JAKARTA - Perpindahan pengawasan aset kripto di Indonesia kini mencapai tahap akhir. Otoritas Jasa Keuangan (OJK) resmi mengambil alih seluruh pengaturan dan pengawasan aset keuangan digital, termasuk kripto dan turunannya, setelah Bappebti menandatangani addendum Berita Acara Serah Terima (BAST) pada Rabu, 30 Juli 2025. Dengan ini, masa transisi yang dimulai sejak 10 Januari 2025 tuntas dijalankan.
Seremoni penyerahan berlangsung dengan melibatkan Kepala Bappebti Tirta Karma Senjaya dan Deputi Komisioner OJK Luthfy Zain Fuadi, serta disaksikan oleh Kepala Eksekutif Pengawas Inovasi Teknologi dan Aset Digital OJK Hasan Fawzi. Penuntasan peralihan ini menandai babak baru regulasi industri kripto sesuai amanat UU P2SK dan PP No. 49 Tahun 2024.
Momentum Strategis dan Fokus Perlindungan Konsumen
Hasan Fawzi menegaskan, penandatanganan addendum ini bukan sekadar seremonial. Menurutnya, ini merupakan langkah strategis dalam membangun ekosistem keuangan digital yang sehat, terkendali, dan berorientasi pada perlindungan konsumen.
“OJK kini memegang amanah penuh untuk memastikan pengelolaan risiko, prinsip kehati-hatian, serta melindungi pengguna, terutama dalam instrumen derivatif kripto yang sebelumnya belum berada di bawah pengawasan resmi,” jelasnya.
Sementara itu, Tirta Karma Senjaya menekankan bahwa Bappebti akan tetap memberikan dukungan selama masa adaptasi OJK dalam mengelola aset digital. Mengingat kripto berbasis teknologi blockchain yang bersifat terbuka, pengawasan yang ketat dan terintegrasi menjadi kunci keamanan transaksi.

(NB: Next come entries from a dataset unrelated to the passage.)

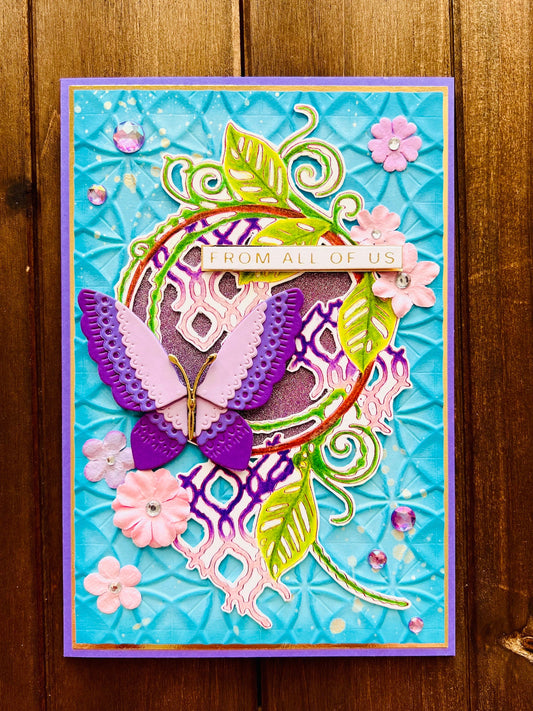 Purple Folk Butterfly on Leaf Hoop From All of Us Card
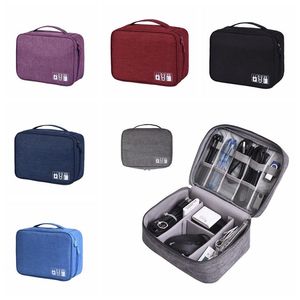 Sacos de armazenamento de cabo eletrônico de viagem portátil digital usb gadget organizador carregador fios cosméticos zíper bolsa de armazenamento caso acessórios suprimentos q615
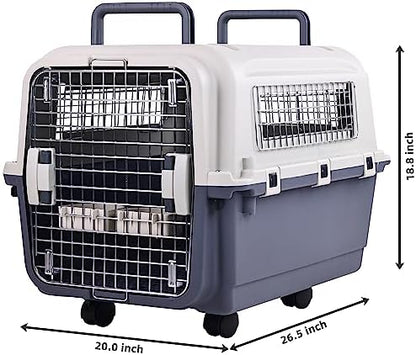 Elevon Plastic Kennels Pet Carrier Rolling Plastic Airline Approved Wire Door - Image 3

Landasan Hukum Kuat dan Harapan Pasar
Penyerahan kewenangan ini didasari oleh UU No. 4 Tahun 2023 tentang P2SK dan PP No. 49 Tahun 2024, yang mengatur peralihan pengawasan dari Bappebti kepada OJK. Dalam skema baru ini, OJK bertanggung jawab atas regulasi dan pengawasan aset digital dan derivatifnya, sementara Bank Indonesia mengawasi derivatif terkait valuta asing dan pasar uang.
Sebagai bagian dari persiapan transisi, OJK telah menerbitkan POJK No. 27/2024 dan SEOJK No. 20/SEOJK.07/2024 yang mengatur mekanisme perdagangan dan tata kelola aset digital, termasuk kripto. Selain itu, Sistem Perizinan dan Registrasi Terintegrasi (SPRINT) juga diluncurkan untuk mempermudah proses perizinan dan pemantauan berbasis digital.

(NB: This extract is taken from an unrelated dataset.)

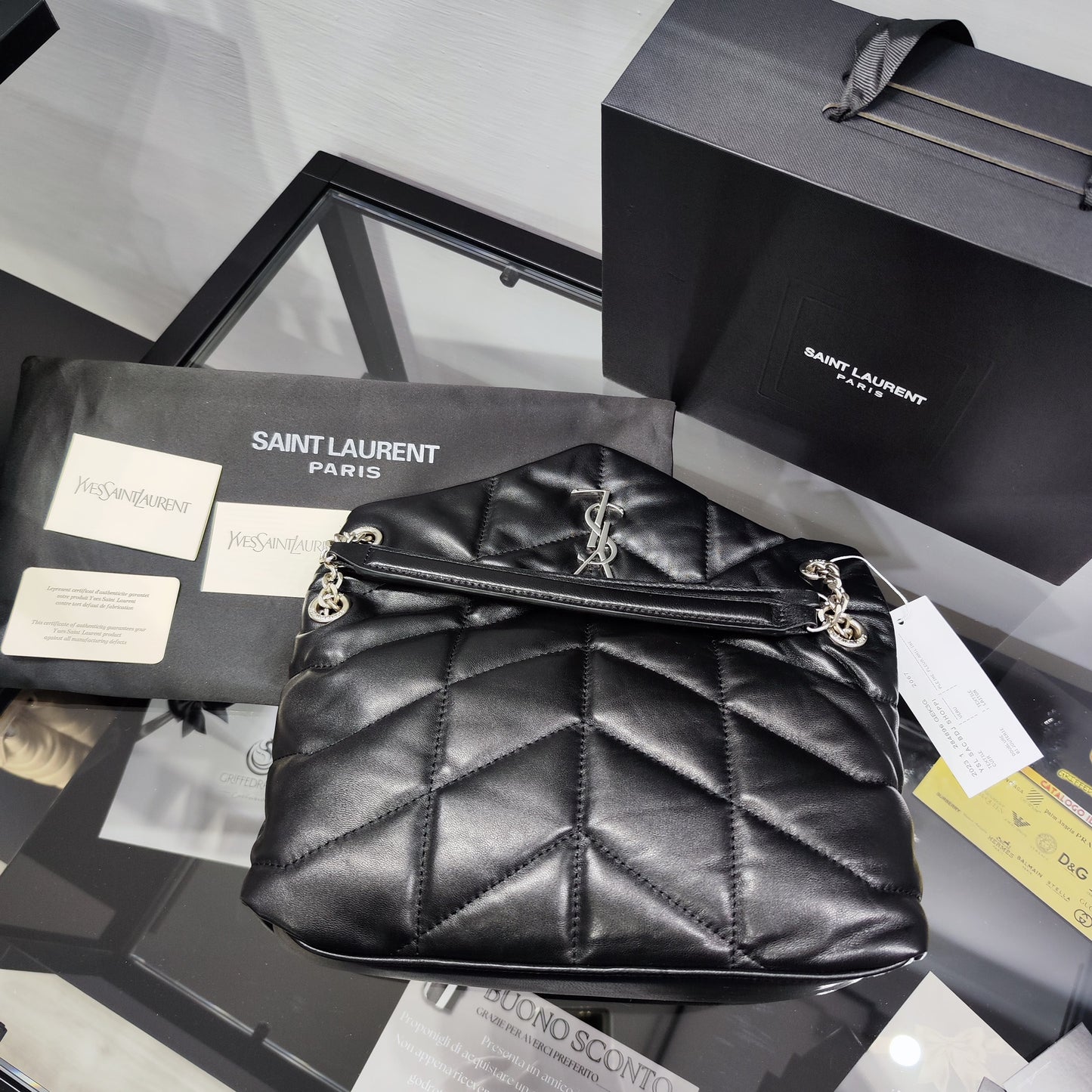 YSL Puffer LouLou 29cm Pelle Nera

Dengan pengawasan yang kini terpusat, industri kripto Indonesia memiliki kepastian hukum yang lebih jelas dan satu pintu regulasi. Langkah ini diharapkan mampu meminimalkan risiko pasar, mendorong pertumbuhan industri yang sehat, sekaligus meningkatkan kepercayaan investor dalam dan luar negeri.
OJK dan Bappebti menegaskan komitmennya untuk menjaga sinergi pasca-peralihan, memastikan transisi berjalan mulus, transparan, dan aman, agar industri aset digital bisa berkembang secara berkelanjutan dan memberikan manfaat maksimal bagi masyarakat.